If a line below contains the string "from", copy it out.

-------- AVAILABLE DATA

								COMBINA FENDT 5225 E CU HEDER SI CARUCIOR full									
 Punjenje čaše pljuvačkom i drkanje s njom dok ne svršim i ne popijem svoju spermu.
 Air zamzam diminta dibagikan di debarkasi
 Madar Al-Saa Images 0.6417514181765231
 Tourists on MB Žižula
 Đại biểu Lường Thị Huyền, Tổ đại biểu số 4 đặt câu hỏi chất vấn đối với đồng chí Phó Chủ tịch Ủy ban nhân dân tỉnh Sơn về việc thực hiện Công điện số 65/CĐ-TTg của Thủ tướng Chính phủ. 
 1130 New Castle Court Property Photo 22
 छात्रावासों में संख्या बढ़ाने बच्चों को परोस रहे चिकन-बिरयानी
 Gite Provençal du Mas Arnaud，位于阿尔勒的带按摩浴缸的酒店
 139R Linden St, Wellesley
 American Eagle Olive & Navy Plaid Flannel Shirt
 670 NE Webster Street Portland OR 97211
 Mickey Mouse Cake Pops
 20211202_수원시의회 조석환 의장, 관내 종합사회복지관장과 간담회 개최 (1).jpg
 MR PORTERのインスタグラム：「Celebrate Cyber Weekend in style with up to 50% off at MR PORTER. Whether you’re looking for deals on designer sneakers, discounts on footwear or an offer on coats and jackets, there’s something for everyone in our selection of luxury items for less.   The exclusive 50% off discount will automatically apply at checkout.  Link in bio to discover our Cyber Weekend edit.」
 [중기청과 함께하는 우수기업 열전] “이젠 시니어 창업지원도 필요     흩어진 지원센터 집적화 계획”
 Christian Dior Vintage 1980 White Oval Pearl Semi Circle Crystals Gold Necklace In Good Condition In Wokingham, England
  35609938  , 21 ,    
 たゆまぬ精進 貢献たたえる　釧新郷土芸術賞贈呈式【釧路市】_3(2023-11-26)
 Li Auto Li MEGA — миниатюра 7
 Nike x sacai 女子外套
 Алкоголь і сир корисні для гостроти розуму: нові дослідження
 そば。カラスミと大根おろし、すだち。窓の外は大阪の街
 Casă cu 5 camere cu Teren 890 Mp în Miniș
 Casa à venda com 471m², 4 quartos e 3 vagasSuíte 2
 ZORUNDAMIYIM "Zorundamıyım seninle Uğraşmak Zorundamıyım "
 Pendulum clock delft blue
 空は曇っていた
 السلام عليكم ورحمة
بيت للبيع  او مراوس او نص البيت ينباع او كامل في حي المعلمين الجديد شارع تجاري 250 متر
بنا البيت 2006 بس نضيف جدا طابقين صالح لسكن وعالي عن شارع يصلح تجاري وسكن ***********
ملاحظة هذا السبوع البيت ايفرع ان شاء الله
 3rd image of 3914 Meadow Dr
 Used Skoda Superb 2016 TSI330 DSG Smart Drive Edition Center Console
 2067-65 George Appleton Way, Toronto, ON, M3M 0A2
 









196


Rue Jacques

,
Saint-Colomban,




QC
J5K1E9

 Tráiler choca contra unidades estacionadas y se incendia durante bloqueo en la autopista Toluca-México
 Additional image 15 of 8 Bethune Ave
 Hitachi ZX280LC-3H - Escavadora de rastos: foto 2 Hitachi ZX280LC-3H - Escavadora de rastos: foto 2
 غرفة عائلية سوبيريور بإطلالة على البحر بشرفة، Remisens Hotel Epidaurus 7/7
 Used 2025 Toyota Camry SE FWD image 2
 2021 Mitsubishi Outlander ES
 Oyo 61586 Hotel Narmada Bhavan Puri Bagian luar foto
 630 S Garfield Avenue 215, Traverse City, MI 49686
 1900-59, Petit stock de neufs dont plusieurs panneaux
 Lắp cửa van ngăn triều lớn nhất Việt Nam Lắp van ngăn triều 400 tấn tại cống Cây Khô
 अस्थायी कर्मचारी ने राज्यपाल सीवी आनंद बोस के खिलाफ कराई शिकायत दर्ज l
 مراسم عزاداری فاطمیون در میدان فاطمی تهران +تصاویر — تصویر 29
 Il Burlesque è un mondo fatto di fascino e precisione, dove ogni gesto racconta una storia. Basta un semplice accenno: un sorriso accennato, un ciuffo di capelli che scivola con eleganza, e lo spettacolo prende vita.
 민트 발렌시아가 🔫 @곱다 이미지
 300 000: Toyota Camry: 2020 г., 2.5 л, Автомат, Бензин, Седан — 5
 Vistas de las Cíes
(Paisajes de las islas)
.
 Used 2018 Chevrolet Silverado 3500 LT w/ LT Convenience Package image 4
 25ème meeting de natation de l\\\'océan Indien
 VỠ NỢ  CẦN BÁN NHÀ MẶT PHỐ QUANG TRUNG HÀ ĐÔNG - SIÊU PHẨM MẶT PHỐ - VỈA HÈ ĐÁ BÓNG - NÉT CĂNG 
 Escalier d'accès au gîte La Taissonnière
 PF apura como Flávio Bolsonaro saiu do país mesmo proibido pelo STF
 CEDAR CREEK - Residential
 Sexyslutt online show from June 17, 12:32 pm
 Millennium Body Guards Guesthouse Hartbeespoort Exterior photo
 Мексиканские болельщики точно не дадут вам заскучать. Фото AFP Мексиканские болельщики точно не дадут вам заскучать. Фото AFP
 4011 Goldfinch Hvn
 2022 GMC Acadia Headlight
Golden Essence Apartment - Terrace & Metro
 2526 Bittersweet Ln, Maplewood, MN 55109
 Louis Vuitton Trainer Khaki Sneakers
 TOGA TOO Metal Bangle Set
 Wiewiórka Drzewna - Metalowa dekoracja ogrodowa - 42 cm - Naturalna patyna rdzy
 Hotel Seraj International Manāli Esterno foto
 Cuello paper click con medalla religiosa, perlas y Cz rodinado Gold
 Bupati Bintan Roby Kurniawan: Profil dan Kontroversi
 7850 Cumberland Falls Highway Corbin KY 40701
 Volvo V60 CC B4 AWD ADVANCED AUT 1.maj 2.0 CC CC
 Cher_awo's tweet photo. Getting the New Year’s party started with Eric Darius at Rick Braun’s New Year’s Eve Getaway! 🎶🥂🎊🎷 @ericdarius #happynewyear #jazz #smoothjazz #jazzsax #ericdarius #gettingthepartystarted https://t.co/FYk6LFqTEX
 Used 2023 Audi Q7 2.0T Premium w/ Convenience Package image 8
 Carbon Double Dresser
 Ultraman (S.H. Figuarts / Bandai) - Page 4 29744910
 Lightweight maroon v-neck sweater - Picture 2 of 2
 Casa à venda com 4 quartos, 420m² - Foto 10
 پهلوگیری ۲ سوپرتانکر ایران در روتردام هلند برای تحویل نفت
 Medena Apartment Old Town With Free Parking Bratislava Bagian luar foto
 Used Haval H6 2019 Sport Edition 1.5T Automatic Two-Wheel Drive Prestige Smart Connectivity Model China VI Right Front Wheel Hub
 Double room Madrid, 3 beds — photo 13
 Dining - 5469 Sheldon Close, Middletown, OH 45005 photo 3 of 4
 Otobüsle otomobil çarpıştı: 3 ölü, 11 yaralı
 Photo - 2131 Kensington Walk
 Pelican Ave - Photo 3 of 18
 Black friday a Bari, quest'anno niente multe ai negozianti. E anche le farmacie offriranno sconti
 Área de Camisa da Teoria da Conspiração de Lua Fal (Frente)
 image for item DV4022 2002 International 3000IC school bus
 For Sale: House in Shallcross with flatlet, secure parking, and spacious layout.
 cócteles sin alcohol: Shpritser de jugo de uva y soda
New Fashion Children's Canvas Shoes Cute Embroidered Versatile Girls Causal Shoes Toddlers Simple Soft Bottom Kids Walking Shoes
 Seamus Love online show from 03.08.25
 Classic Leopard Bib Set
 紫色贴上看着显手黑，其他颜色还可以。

----------------

__SOLUTION TO THIS EXERCISE__.
 Sexyslutt online show from June 17, 12:32 pm
 Seamus Love online show from 03.08.25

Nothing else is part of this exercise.